Ms. Kwalwasser was one-half of a musical team that cut a big figure at Temple. Her husband, Harvey Wedeen, head of the piano department, came to the school in the mid-1960s, and she joined him — first as an adjunct and then, beginning in 1970, as violin professor, chair of the string department, and chamber music teacher. She retired in 2015.
Born in Syracuse, N.Y., Ms. Kwalwasser was the daughter of pioneering musical psychologist Jacob Kwalwasser, and was playing violin by age 4. She studied with revered figures. At 11, she entered the Curtis Institute of Music as a student of Efrem Zimbalist, and after a year moved to the Juilliard School, where her mentor became Ivan Galamian.
"I was one of Galamian's first pupils in this country," she told the Inquirer in 1986. She not only studied with him; she moved in with him, along with a few other students. "He was a father to me besides being my teacher, saw to my schooling, eating, helped me pick out clothes. He was really rather wonderful."
Ms. Kwalwasser gave her Town Hall debut in 1947, at age 19, and the New York Times was full of praise. "Her playing was marked by clean, pleasant, flowing tone, good intonation and a variety of shading. It was not fiery, but there was emotional expressiveness in everything she did," wrote a critic.

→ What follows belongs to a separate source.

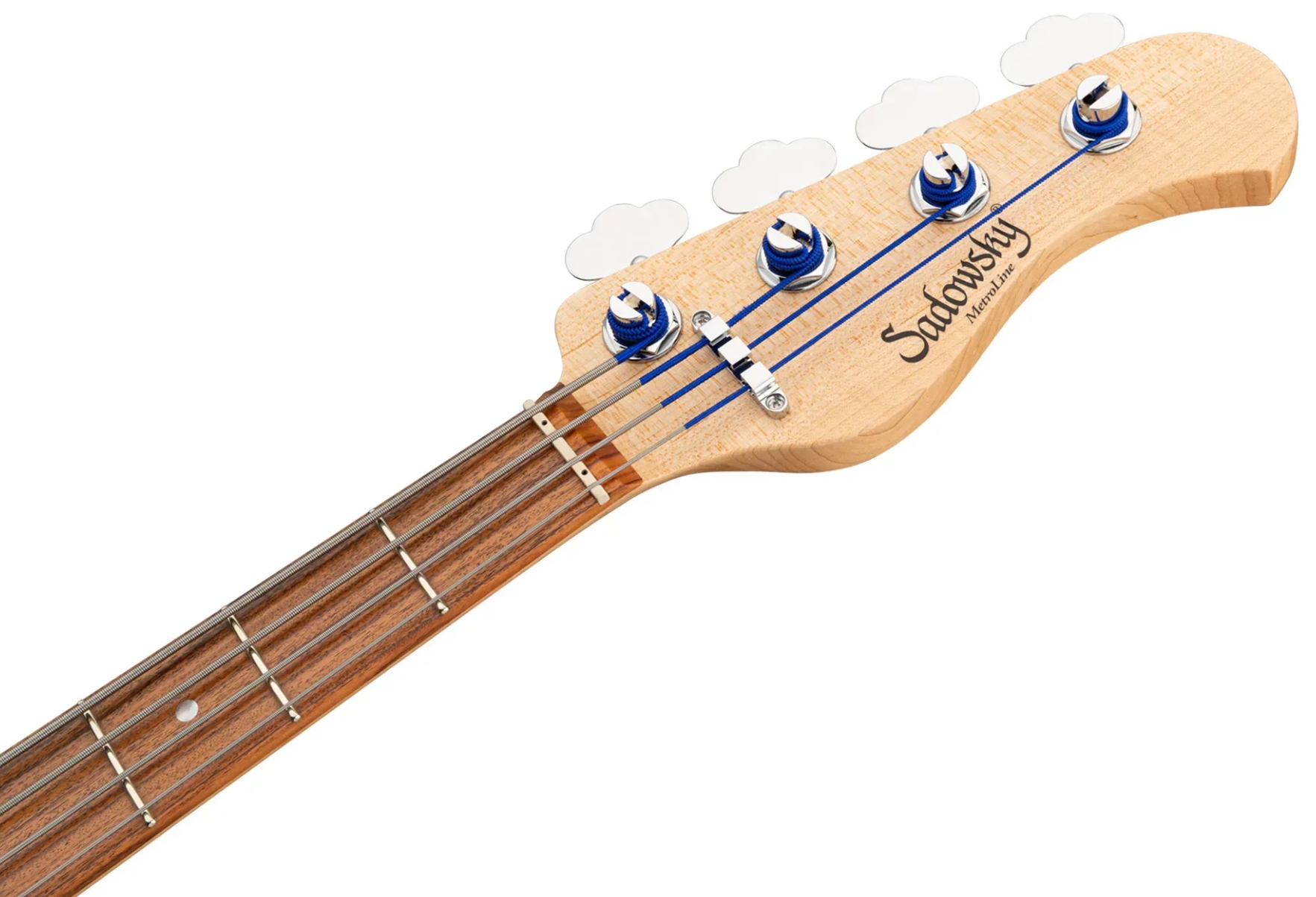 Sadowsky Will Lee 22-fret Alder 4c Metroline Signature All Active Mn - Natural Transparent Gloss - Bajo eléctrico de cuerpo sólido - Variation 4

In fact, colleagues said, that was very much her musical philosophy. "She hated flash for flash's sake," said violinist Charles Parker Jr., who worked closely with Ms. Kwalwasser in Philadelphia stewarding the Davidsbund Chamber Players. "She rarely would even teach Paganini, unless a student needed a caprice for an audition. She also very much disliked performers who could play something faster and cleaner. She would say, 'Why? What's the big deal?'"

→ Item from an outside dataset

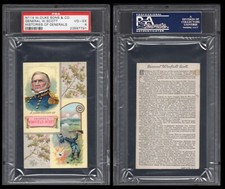 1888 N114  DUKE KNAPP HISTORIES OF GENERALS W. SCOTT  "PSA 4 VG-EX  7101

Yet emotion was an important element. "She realized at an early age that she knew how to make people cry," said Parker. "When she played a second movement, people would be wiping tears away at the end. She was so connected to what she was doing, and that to me is such a rare talent."

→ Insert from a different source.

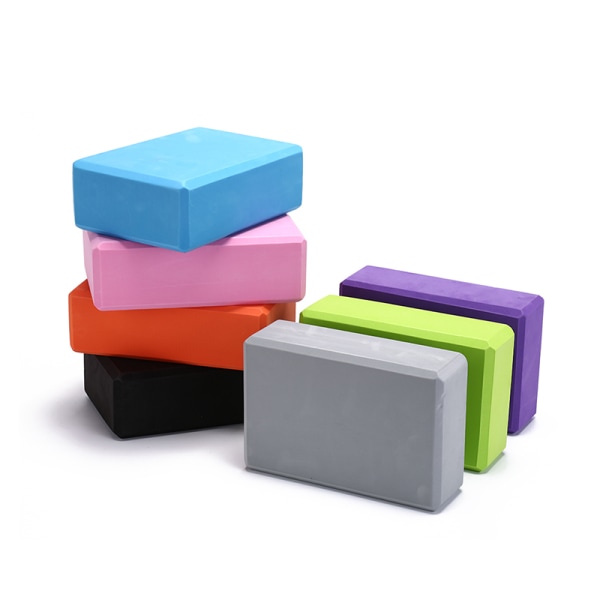 yoga block träning sport rekvisita skum tegel stretching hjälp pila grey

Ms. Kwalwasser was a visible presence in Philadelphia and New York for decades, performing with the New York Chamber Soloists, and touring the United States with the Temple Trio. She was concertmistress with the Pennsylvania Ballet orchestra, and played with the Bethlehem Bach Festival and the Casals Festival Orchestra in Puerto Rico.
And she educated several generations of students. "There was no such thing as a one-hour lesson with her — they went as long as they had to go," said Jeffrey Cornelius, retired dean of Temple's Boyer College of Music.
She was married to Wedeen for 57 years, until his death in 2015. Both were recognized with Temple's Great Teacher Award: he in 1996, she in 2008.
Ms. Kwalwasser taught at Temple's prep division, where a very young Chang was a student, and although she was not Chang's teacher there, Chang would sometimes play for her. The star violinist remembers the last time she saw Ms. Kwalwasser — at the airport in Los Angeles, where the elder violinist didn't pass up the chance to give a quick lesson: "She yelled out, 'Sarah, is that you? Where are you going?' And then as we hugged, she scolded me gently, saying, 'If you lug your violin on a single shoulder strap like that all the time, you'll bust your shoulder. Go get two straps and hold it like a backpack.'"
Ms. Kwalwasser is survived by daughters Lisa and Laura Wedeen, and three grandchildren.
A memorial event is tentatively scheduled for 2:30 p.m. Sunday, Oct. 22, at Rock Hall on the Temple campus.